■ **What to produce**: Look below for the line that has "Camisa Algodón Orgánico"; output exactly from it through the line that has "Insonni mehnat qobiliyati", and leave the pictures out.

■ **Given records**:
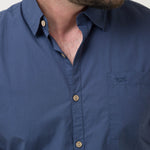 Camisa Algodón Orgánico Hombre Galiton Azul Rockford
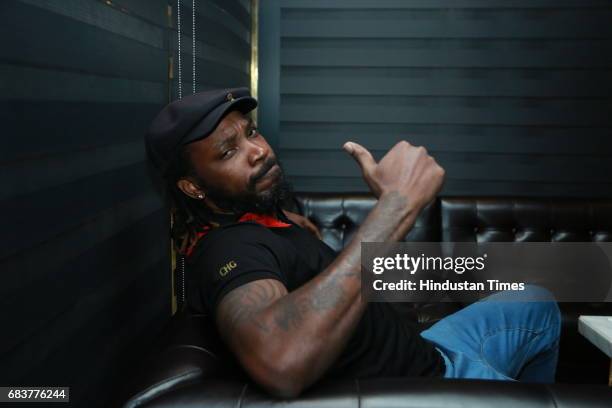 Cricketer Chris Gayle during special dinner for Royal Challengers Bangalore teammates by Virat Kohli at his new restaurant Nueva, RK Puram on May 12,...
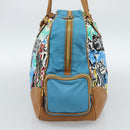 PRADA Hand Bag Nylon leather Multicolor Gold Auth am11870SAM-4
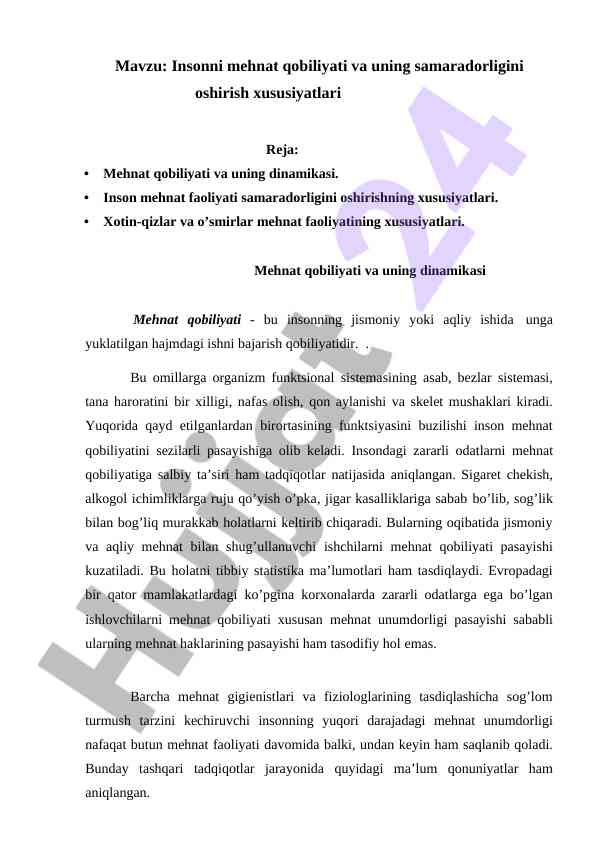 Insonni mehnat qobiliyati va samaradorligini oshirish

* * *

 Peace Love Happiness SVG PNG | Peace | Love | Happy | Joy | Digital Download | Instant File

* * *

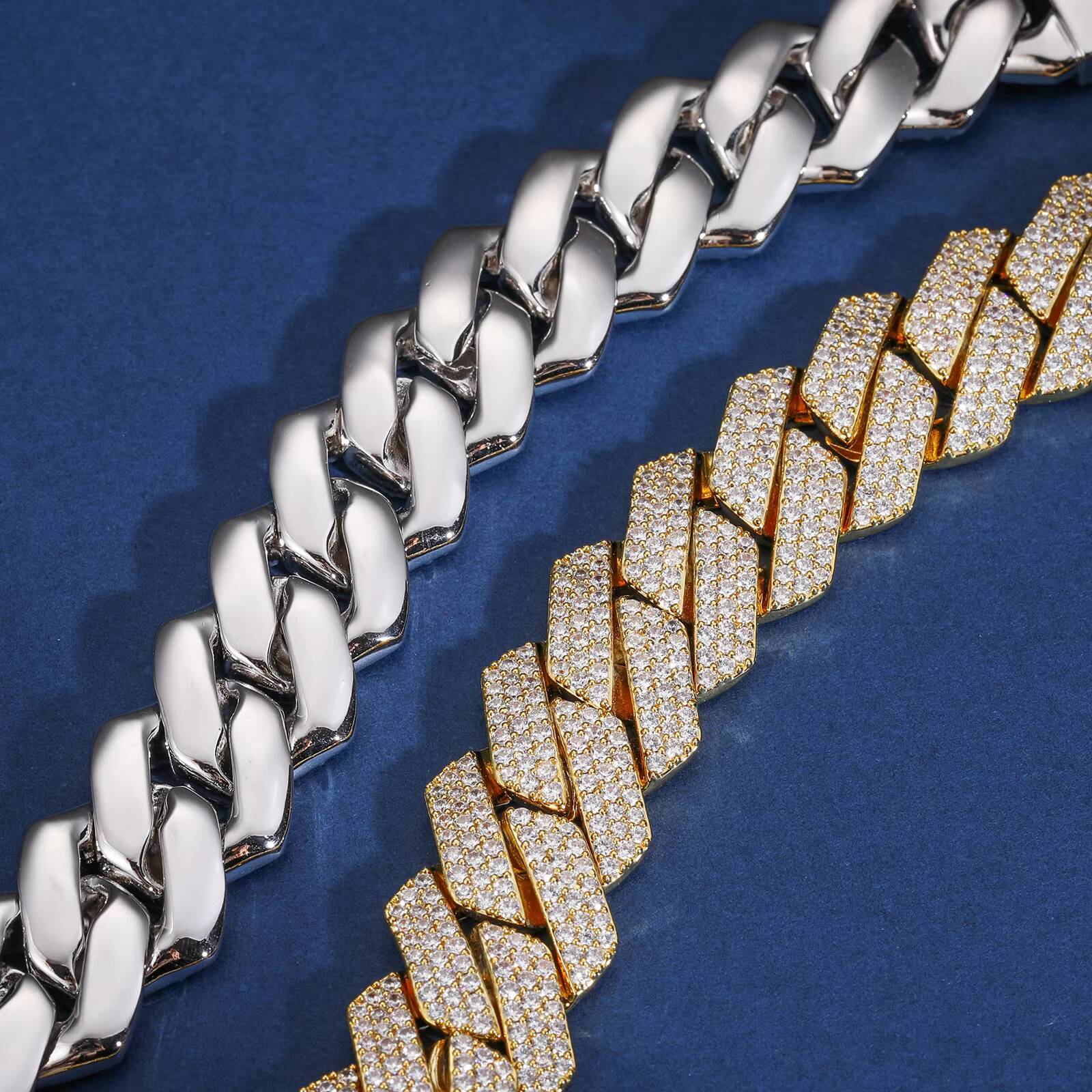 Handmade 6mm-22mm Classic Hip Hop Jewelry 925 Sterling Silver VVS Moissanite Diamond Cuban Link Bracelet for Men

■ **Written answer**:
 Camisa Algodón Orgánico Hombre Galiton Azul Rockford
 Cricketer Chris Gayle during special dinner for Royal Challengers Bangalore teammates by Virat Kohli at his new restaurant Nueva, RK Puram on May 12,...
 PRADA Hand Bag Nylon leather Multicolor Gold Auth am11870SAM-4
 Insonni mehnat qobiliyati va samaradorligini oshirish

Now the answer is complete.